Table 3. Utilities associated with the health states of the model [40,41].
Health state
|
Utility
|
Mild glaucoma
|
0.847
|
Moderate glaucoma
|
0.781
|
Advanced glaucoma
|
0.704
|
Severe/blind glaucoma
|
0.594
|
Disutility for trabeculectomy was estimated from the same study conducted by Van Gestel et al. [41]
(Table 4). Disutilities for medication-related adverse events were subtracted to the health state utilities. Such disutility values were multiplied by the probability of experiencing the adverse event, to obtain an average disutility value. Also, since not all patients were receiving medications at each Markov cycle, the disutility value was weighted by the proportion of patients receiving therapy at each Markov cycle. The incidence rates of adverse events in patients receiving prostaglandins, beta-blockers and carbonic anhydrase inhibitors were 8%, 8%, and 14%, respectively [42]; market shares of these drugs were 35.2%, 15.2%, and 49.6%, respectively (obtained from the market shares of the single drugs reported in the Table 2). Consequently, the medication weighted incidence of adverse events was 8.9%; the corresponding disutility value was calculated multiplying this percentage by the disutility value for medication-related averse events (Table 4), estimated from the Van Gestel et al. study [41].

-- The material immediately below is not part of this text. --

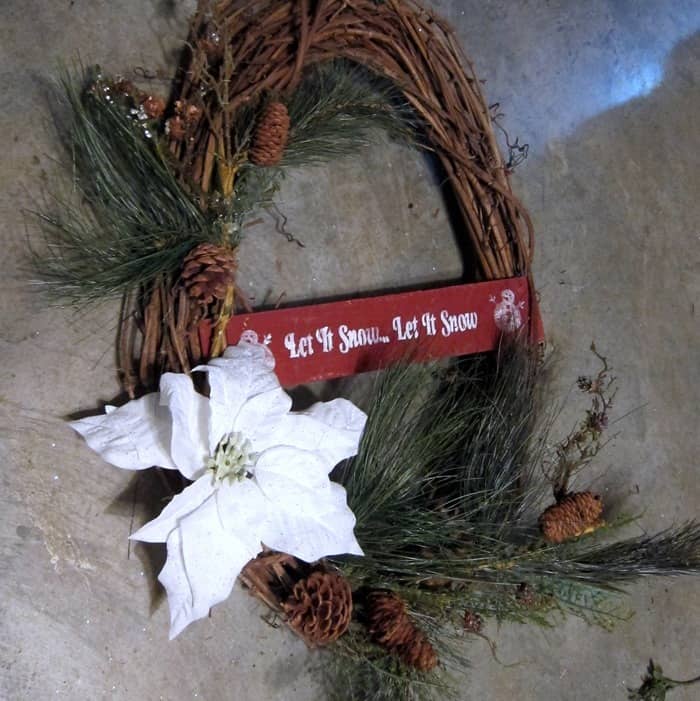 how to make a Christmas wreath using a grapevine (5)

Table 4. Disutilities included in the model [41].
Description
|
Disutility
|
CI (95%)
|
Source
|
Trabeculectomy
|
-0.007
|
0.005-0.009
|
[41]
|
Medication-related AEs
|
-0.101
|
0.076-0.126
|
AEs=adverse events; CI=confidence interval.
Sensitivity analysis
Deterministic (one-way) and probabilistic sensitivity analyses were carried out to identify the input values with the largest effect on incremental cost-effectiveness ratio (ICER).
For the deterministic sensitivity analysis, the baseline value of each parameter was modified to the upper and lower limits of its 95% confidence interval (95% CI). If the CI was not available, a variation of ± 10% from the baseline value was used.
A probabilistic sensitivity analysis was performed, simultaneously and randomly varying the values of all model parameters (1,000 replications). For the probabilistic analysis, the following probability distributions were used: beta for probabilities and utilities; gamma for costs; normal for efficacy data.